_WORK ORDER_
If a line in the data below contains the word "with", copy it out.

_Excerpts from a dataset_
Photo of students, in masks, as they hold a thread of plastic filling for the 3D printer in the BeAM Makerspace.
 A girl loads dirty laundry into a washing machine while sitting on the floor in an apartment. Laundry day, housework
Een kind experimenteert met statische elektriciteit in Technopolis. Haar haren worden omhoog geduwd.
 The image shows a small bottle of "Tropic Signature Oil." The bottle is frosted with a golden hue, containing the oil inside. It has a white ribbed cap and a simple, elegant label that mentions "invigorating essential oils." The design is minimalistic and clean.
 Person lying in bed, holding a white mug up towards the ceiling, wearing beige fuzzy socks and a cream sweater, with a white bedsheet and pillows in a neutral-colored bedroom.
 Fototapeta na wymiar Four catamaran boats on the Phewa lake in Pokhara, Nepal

_RESPONSE BELOW_
 The image shows a small bottle of "Tropic Signature Oil." The bottle is frosted with a golden hue, containing the oil inside. It has a white ribbed cap and a simple, elegant label that mentions "invigorating essential oils." The design is minimalistic and clean.
 Person lying in bed, holding a white mug up towards the ceiling, wearing beige fuzzy socks and a cream sweater, with a white bedsheet and pillows in a neutral-colored bedroom.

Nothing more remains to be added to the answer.